CO2-Ausstoß durch Fleischproduktion .Diie Produktion von Fleisch wirkt sich indirekt und direkt auf das Weltklima aus.
Verfütterung vs. Verzehr von Getreide: Tiere werden mit Kraftfutter wie Mais, Weizen oder Soja gefüttert. Dabei ist das Umwandlungsverhältnis von Futter zu angesetztem Fleisch schlecht: Ein Schwein muss mit mindestens 2,5 Kilo gefüttert werden, um 1 Kilo zuzulegen. Ein Rind mit sogar noch mehr.
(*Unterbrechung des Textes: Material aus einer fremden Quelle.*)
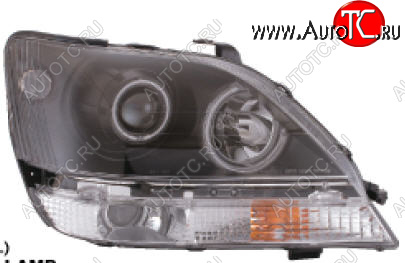 35 299 р. RX300 ФАРА Л+П (КОМПЛЕКТ) ТЮНИНГ ЛИНЗОВАН С 2 СВЕТЯЩ ОБОДК (EAGLE EYES) ВНУТРИ ЧЕРН EAGLE EYES lxrx399-003b-n  с доставкой в г. Воронеж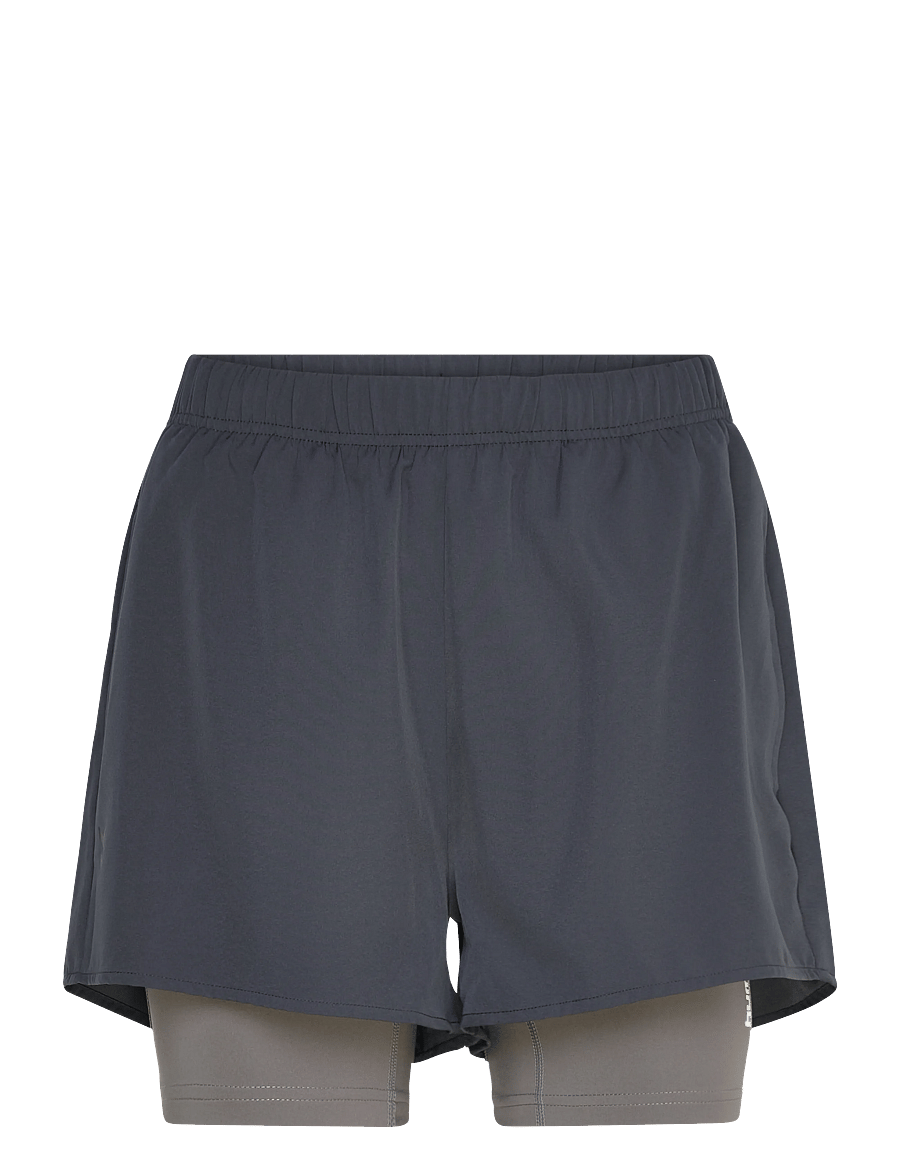 Hummel - hmlHIIT INTENSITY W 2 IN 1 SHORTS - lühikesed treeningpüksid - ebony - 0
Es wäre deutlich Ressourcen schonender, wenn Getreide und Hülsenfrüchte direkt als Nahrung für den Menschen verwendet würden, anstatt den Umweg über das Tier zu gehen.

Rodung von Grünflächen: Wertvolle Grün- oder Waldflächen werden zu Äckern oder Weideland umfunktioniert. Durch die Rodung von Bäumen und Erodieren der Humusschicht entweichen dabei große Mengen gebundenen CO2 in die Atmosphäre.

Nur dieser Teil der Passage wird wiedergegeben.